A boy placed on a waiting list for urological surgery in December 1997 is still awaiting treatment more than three years later.
He is one of 19 children and teenagers on the waiting list for urological surgery at Our Lady's Hospital for Sick Children, Dublin. They are caught in the middle of a dispute about which of three hospitals should take over the speciality.
The Eastern Regional Health Authority says arrangements are being made to have seven teenagers over 16 treated in adult hospitals.
The only surgeon in Our Lady's who can carry out the complex surgery threatened to withdraw from the urology programme late last year because he is being offered only temporary contracts and because nobody could be found to fill a nursing vacancy on the programme, according to documents released under the Freedom of Information Act.
Comhairle na nOspideal, which regulates the appointment of consultants, recommended in 1998 that specialist paediatric surgery be concentrated at Our Lady's.
The move has been resisted by the Children's Hospital, Temple Street, and Tallaght General Hospital. Because of the impasse the surgeon, Mr Fergal Quinn, has been appointed only on a temporary basis, usually for three to six months at a time and more recently for one year.
Urological surgery includes treating structural abnormalities of the genito-urinary organs.
The hospital's chief executive, Mr Paul Kavanagh, said Our Lady's agreed that urological surgery should be concentrated in one hospital but was not insisting that this be Our Lady's.

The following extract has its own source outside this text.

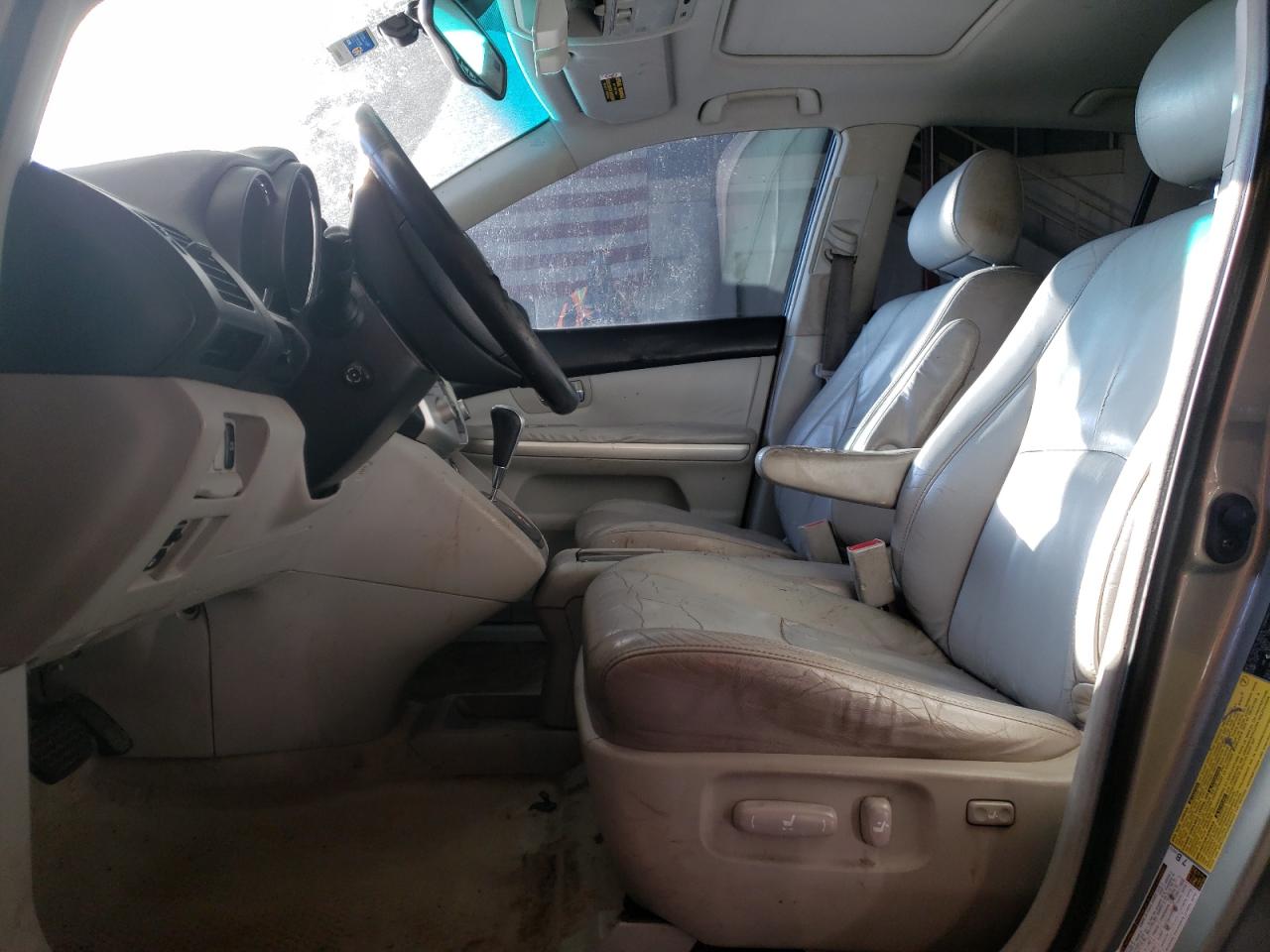 2006 Lexus RX - Image 7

"If the decision is that it ought to be carried out somewhere else, so be it," he said.
The ERHA said it had drawn up proposals to put to the three hospitals in an effort to resolve the issue. In the meantime, it is in discussions with Our Lady's as to how the other 12 children can be treated rapidly, either in the hospital itself or elsewhere.
Mr Kavanagh said sending the children to the UK for treatment posed difficulties, as aftercare could involve a number of trips back to the UK.
The rise in admissions through the emergency department at St Luke's Hospital in Kilkenny has been almost exactly matched by a fall in admissions from the waiting list, figures given to the hospital's executive management board suggest.
In January the number of emergency admissions rose by 338 to 1,053 while planned admissions fell by 303 to 141. The hospital is undergoing expansion to provide 28 new inpatient beds. The figures were released under the Freedom of Information Act.
The Irish Blood Transfusion Service has 13 vacancies for permanent medical laboratory technicians. A spokeswoman said many technicians preferred better-paid jobs in pharmaceutical companies and other private-sector employments.